WMR reviews Forman's "Shelley"
Overview
Date | 1877-10-13 |
Publication | Academy |
Topic | WMR reviews Forman's "Shelley" |
AP display | |
RA display | |
Subject | literature |
Keywords | Forman |
↳ | Shelley |
↳ | WMR |
Standards | accurate |
↳ | authentic |
↳ | correct editing |
Notes | Shelley, see also WMR defends his Shelley from Forman, 1876.10.28. |
Annotation details
77 October 13 Academy
Topic:
Forman's Shelley collection.
Citation:
Rossetti, William M. "The Poetical Works of Percy Byshhe Shelley." Academy (October 13, 1877): 284. Web. 21 Sept. 2011.
Summary:
Rossetti prefaces his review with a recap of the controversy over his previously published collection of Shelley's work that had been critically opposed in The Examiner by Henry Buxton Forman, the editor of the volume Rossetti proposes to review. Rossetti rebutted that criticism in a letter to The Examiner on October 28, 1876.
Rossetti prefaces his review with two preconditions. First, Forman's "Shelley" is "an excellent one," not too expensive, handsomely "done up." Second, Rossetti proposes to "say little about himself" or anything not directly associated with Forman's work.

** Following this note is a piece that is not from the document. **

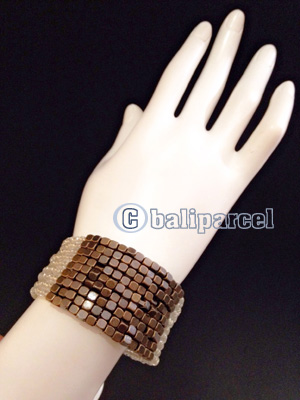 Bracelet, Handmade From Beads With Burn Metal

He then sketches the philosophical differences between his perception of the editor's task and Forman's understanding. This leads into the topic of an editor's role in correcting "palpable errors," and which to correct and to what extent-essentially the crux of Forman's critical opposition to Rossetti's "Shelley" in Forman's review in October of 1876 (see The Examiner, October 10, 1876).
The discretion of the editor extends to the full range of textual anomalies from inaccuracies and printing errors to spelling mistakes and improper word choices. Rossetti tries to demonstrate what a fine distinction there is between discrepancies based in well-known facts (e.g., Shelley was a notoriously bad speller) and possible misuse or mis-choosing of terms. Rossetti accuses Forman of overdoing the emendations and, further, for doing so inconsistently as well as excessively.
Rossetti provides detailed examples and sections of texts, comparing the original to Forman's edited versions, explaining what he feels is the loss or twisting of Shelley's meaning wrought by Forman's editing.
Rossetti describes the very favorable addition of manuscript reproductions of Shelley's work, as well as portraiture including pictures of Shelley, his birthplace, his home and his tomb, which was designed by W.B. Bell. Rossetti notes that Sir Percy Shelley accepted Forman's dedication, but Rossetti terms the graphics surrounding the dedication to be "rather tastelessly showy, and meagerly symbolic."